I have this code that normalizes a pandas dataframe.

import numpy as np; import pandas as pd
from sklearn.metrics.pairwise import cosine_similarity
from sklearn import preprocessing


df = pd.read_csv('DS/RS_DS/final_dataset.csv')
rec_df = df.drop(['person_id','encounter_id','birthdate','CN','HN','DN','DIAG_DM','DIAG_NONDM','TPN'], axis=1)

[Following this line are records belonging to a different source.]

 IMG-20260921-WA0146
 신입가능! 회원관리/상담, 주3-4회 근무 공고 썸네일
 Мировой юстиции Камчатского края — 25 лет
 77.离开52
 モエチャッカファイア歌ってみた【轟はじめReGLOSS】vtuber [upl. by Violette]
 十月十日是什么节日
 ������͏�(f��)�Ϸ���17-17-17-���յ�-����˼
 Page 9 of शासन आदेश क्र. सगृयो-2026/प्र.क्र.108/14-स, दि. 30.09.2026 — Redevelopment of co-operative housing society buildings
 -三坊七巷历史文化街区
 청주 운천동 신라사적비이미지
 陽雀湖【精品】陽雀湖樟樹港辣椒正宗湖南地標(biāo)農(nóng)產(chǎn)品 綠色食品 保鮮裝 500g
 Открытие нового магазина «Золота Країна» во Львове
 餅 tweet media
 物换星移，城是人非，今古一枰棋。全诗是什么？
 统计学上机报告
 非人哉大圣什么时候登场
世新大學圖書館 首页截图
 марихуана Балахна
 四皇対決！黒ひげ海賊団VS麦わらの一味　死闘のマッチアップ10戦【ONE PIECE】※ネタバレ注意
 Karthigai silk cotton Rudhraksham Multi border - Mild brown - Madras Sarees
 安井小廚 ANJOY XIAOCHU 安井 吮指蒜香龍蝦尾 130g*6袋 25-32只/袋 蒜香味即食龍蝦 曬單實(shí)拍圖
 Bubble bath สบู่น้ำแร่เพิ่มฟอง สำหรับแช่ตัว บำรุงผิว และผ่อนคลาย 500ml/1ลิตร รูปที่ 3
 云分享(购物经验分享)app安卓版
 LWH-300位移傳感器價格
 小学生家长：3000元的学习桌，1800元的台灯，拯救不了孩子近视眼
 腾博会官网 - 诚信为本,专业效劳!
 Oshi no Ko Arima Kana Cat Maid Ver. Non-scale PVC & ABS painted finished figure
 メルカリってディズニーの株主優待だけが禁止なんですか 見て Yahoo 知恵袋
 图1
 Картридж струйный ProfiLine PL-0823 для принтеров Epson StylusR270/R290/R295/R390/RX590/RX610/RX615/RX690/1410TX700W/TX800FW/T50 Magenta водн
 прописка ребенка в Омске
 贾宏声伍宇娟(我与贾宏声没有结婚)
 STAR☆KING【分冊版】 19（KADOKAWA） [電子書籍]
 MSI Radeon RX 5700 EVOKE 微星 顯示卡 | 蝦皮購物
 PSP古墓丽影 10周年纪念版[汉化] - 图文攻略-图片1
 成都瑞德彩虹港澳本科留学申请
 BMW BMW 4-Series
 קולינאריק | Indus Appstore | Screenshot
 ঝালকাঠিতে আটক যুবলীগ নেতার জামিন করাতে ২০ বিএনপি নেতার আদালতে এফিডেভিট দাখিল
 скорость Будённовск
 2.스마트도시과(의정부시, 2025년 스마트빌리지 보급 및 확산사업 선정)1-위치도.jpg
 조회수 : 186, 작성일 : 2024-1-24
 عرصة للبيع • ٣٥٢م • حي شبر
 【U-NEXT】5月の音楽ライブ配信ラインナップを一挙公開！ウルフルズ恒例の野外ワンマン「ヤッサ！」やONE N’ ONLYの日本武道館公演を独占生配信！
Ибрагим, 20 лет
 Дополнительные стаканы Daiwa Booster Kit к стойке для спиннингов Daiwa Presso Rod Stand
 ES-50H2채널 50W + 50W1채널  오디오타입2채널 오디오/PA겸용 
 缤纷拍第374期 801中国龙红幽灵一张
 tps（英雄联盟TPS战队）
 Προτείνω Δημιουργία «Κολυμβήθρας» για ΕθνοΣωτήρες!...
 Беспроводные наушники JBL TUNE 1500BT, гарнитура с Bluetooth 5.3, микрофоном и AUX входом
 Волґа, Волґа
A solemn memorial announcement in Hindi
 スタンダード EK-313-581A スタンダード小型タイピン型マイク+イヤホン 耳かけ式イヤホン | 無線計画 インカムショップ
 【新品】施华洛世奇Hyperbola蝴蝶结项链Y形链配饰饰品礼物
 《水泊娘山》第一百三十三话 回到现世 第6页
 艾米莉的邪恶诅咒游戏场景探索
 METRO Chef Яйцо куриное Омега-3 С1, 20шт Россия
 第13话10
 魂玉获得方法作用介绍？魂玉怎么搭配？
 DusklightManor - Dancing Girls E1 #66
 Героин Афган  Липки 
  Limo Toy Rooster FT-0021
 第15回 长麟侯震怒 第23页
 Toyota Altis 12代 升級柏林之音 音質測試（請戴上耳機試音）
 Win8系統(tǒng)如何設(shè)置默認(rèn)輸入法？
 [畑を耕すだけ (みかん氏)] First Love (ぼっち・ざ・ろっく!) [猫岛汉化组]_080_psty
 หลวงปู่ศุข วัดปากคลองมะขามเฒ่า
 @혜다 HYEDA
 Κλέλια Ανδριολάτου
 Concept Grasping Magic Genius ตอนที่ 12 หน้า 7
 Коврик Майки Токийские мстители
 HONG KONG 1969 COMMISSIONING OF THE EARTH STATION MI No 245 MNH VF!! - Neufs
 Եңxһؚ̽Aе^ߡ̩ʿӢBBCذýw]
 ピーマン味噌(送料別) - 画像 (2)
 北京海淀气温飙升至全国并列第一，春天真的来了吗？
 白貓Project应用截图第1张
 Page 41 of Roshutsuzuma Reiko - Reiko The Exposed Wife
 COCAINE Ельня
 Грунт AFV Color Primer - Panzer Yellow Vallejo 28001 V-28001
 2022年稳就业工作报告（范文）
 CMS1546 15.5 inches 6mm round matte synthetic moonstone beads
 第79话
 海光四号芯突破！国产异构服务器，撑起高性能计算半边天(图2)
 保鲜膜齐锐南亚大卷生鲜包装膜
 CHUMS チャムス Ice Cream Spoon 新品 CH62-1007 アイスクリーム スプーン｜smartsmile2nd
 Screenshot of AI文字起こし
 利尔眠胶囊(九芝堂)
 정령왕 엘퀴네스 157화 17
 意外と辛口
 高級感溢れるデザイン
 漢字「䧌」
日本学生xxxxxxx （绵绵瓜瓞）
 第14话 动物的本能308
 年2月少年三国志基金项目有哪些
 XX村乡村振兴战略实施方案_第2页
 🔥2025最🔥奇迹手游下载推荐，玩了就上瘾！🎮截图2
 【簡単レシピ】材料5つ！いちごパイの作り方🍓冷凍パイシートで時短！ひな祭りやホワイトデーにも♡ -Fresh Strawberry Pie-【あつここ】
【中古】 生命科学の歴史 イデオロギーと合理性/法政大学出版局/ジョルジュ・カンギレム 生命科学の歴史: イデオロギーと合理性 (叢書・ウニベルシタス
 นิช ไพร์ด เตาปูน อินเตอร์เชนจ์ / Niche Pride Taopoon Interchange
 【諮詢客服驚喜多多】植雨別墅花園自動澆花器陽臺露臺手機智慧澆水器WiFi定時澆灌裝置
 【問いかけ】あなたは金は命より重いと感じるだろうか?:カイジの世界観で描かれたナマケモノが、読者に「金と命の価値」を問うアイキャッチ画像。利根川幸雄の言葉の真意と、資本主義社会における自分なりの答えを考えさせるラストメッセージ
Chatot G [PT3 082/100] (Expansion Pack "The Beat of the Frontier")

#normalize values from 0 to 1
df_val = rec_df.values
min_max_scaler = preprocessing.MinMaxScaler()
df_val_scaled = min_max_scaler.fit_transform(df_val)
df_scaled = pd.DataFrame(df_val_scaled)


df_flask = pd.DataFrame([[42.8,151,73,79,0,1,74]],columns=['weight','height','wc','hc','isMale','isFemale','age'])
df_flask_val = df_flask.values
df_flask_val_scaled = min_max_scaler.fit_transform(df_flask_val)
df_flask_scaled = pd.DataFrame(df_flask_val_scaled)

df_scaled returns a dataframe that is normalized. df_flask is a dataframe that I want to normalize based on df_scaled so I can use it for comparison. df_flask_scaled return all 0, I think it didnt normalize based on the dataframe. is there anyway to normalize the single row df.

or should I add this data to the dataframe then compute normalizing?

Reub
  • 665
  • 2
  • 18
  • 35
  • 1
    your question isn't clear. normalize the single row df ? what's that? – YOLO Apr 08 '18 at 20:11
  • 1
    When you use already fitted (learnt) models on new data, remember to never use `fit()` or methods that include `'fit'` in their name, like `fit_transform()`. It re-fits the new data, so the old data is forgottern. Only call transform() on new data. – Vivek Kumar Apr 09 '18 at 09:08
  • I have two dataframes in the code. rec_df and df_flask which is my single row dataframe @YOLO – Reub Apr 09 '18 at 17:22
  • that makes better sense @VivekKumar – Reub Apr 09 '18 at 17:22

1 Answers1

0

I think you should do fit and transform separately. This is done to ensure that the distribution of data using in fitting is maintained.

# initialise scaler
min_max_scaler = preprocessing.MinMaxScaler()

# fit here
min_max_scaler.fit(rec_df.values)

# apply transformation
df_val_scaled = min_max_scaler.transform(rec_df.values)
df_flask_val_scaled = min_max_scaler.transform(df_flask_val)
YOLO
  • 20,181
  • 5
  • 20
  • 40